When a frothy romcom opens near the top of the box office at around $30 million its first weekend in theaters, it's not news.

But if (and probably when, as it's projected to) Crazy Rich Asians does it, it will be seen as a milestone for a Hollywood movie with an all-Asian cast in a contemporary comedy. So there's a lot riding on the movie, probably more than there should be, and the guy who created the characters and watched the movie evolve for five years is a bundle of nerves.

"Do I feel pressure? Excuse me, I'm just going to go jump out a window," said Kevin Kwan, who wrote the novel and sold the rights to Hollywood, and who has been deeply involved in efforts to bring the comedy to the big screen (he's executive producer).
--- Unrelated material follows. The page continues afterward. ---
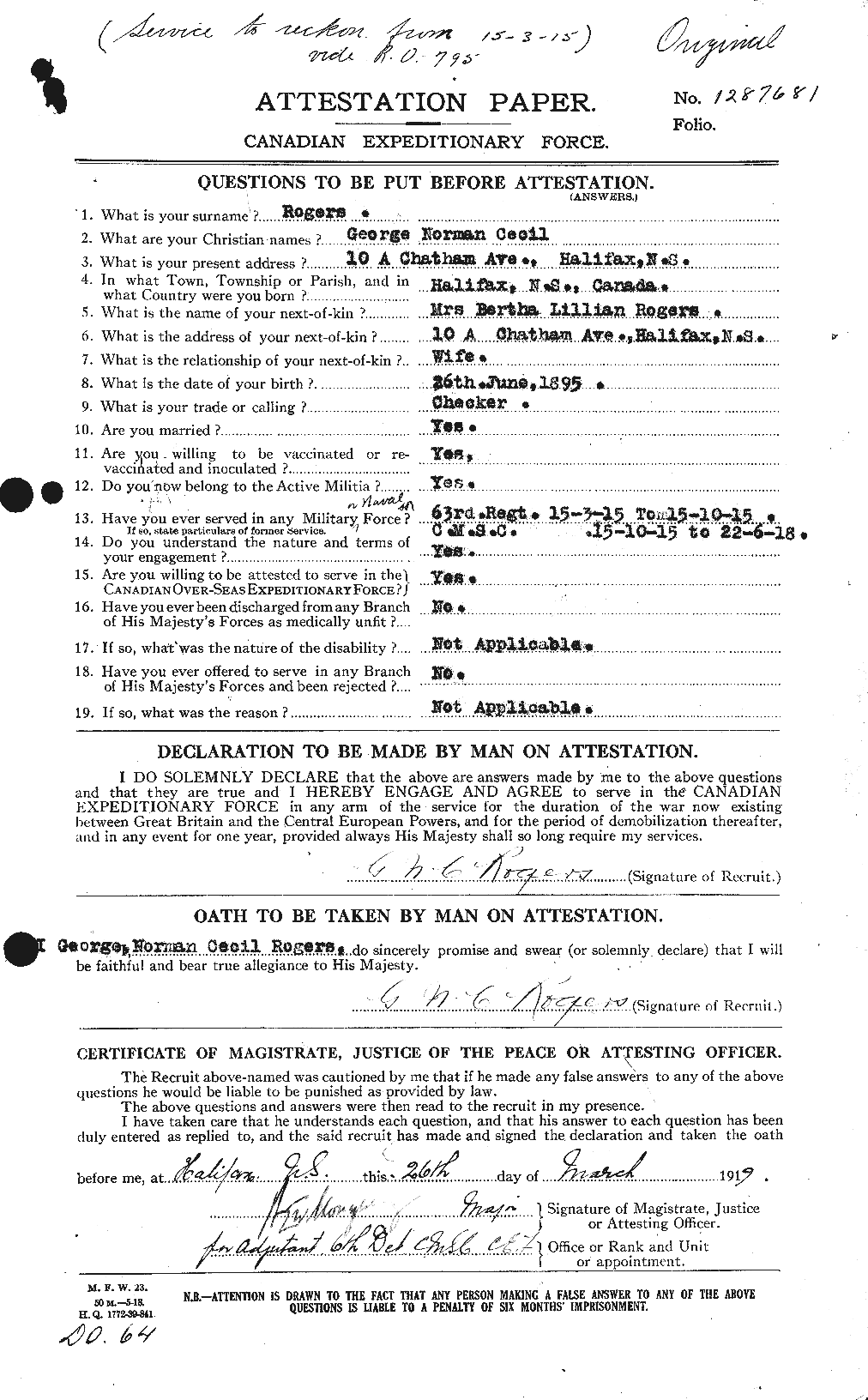 Personnel Records of the First World War - CEF 611097a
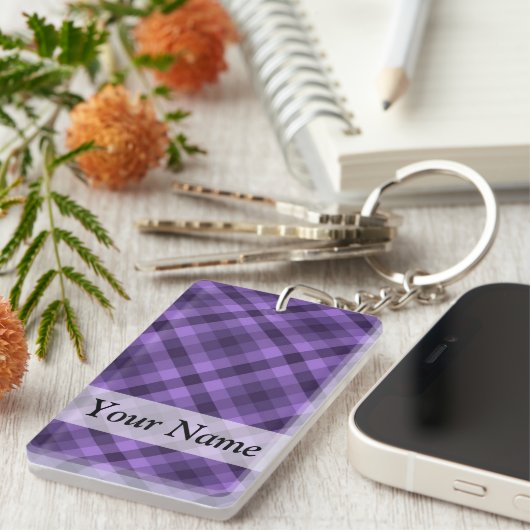 Paarse ginghampatroon sleutelhanger (Voorkant Rechts)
Kwan, along with Jimmy O. Yang and Gemma Chan, stopped in Philadelphia recently to talk about the movie.

"Right now, I'm just trying to focus on the day to day. I love the feedback from people who've seen it already and really responded to it.  But I do feel the pressure. I know the movie is a kind of lightning rod, and of course I worry that if if doesn't perform up to a certain level of expectation, there is the danger there won't be another [Hollywood] movie with an all-Asian cast for another couple decades,"  Kwan said, referencing The Joy Luck Club, which is  cited as the most recent such Hollywood movie — and it was released 1993.

Crazy Rich Asians is tracking to open at roughly $30 million, which is a nice number — comparable to the opening weekends of Notting Hill, My Best Friend's Wedding, and It's Complicated. Could go lower, could go higher, but there are factors working in the movie's favor, including — of all things — a thriller about a giant shark.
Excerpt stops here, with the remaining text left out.